Look below for the line with "ドラム式洗濯機クリーニング　ＳＨＡＲＰ　ＥＳーＷ１１４の画像1" and the line with "Queensryche: Live At"; repeat exactly those two lines and all lines between them, but no pictures.

DATA SHOWN:
##############################
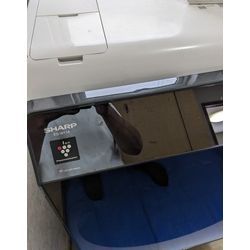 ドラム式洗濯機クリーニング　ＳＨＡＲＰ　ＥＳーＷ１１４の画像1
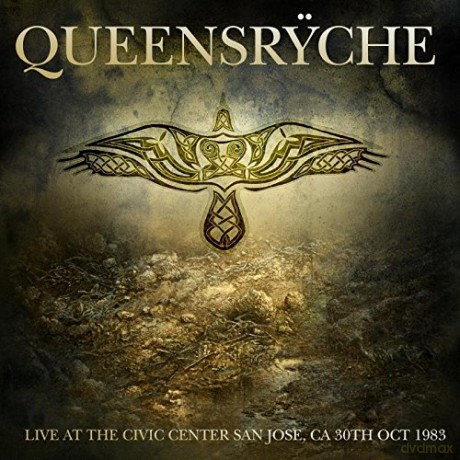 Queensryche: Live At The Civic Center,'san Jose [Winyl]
##############################
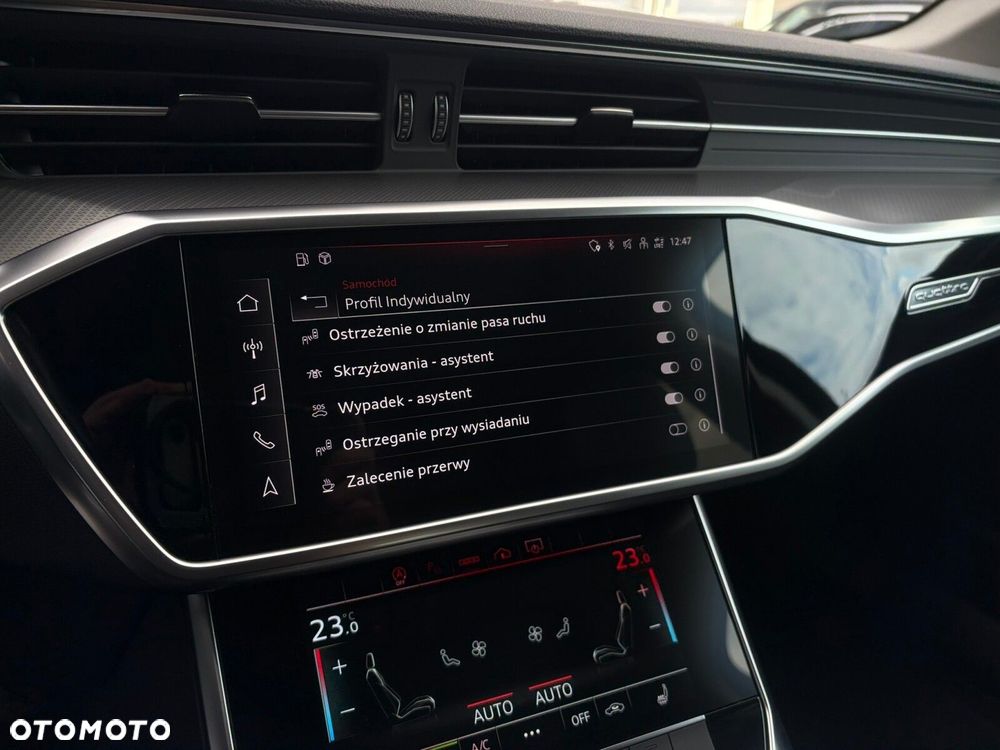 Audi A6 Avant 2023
##############################
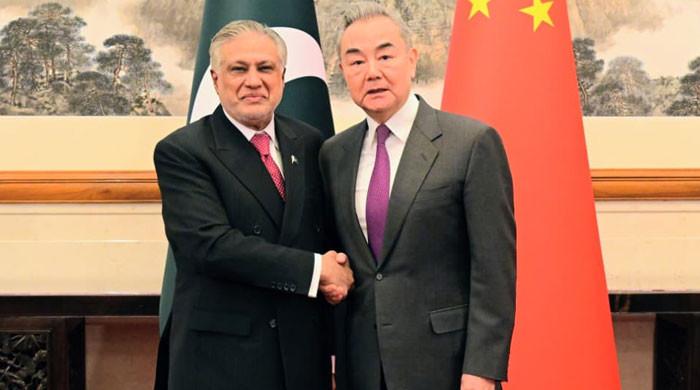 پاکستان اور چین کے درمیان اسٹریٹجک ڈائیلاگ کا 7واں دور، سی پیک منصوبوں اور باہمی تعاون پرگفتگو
##############################
RESPONSE FOR THIS EXERCISE:
 ドラム式洗濯機クリーニング　ＳＨＡＲＰ　ＥＳーＷ１１４の画像1
 Queensryche: Live At The Civic Center,'san Jose [Winyl]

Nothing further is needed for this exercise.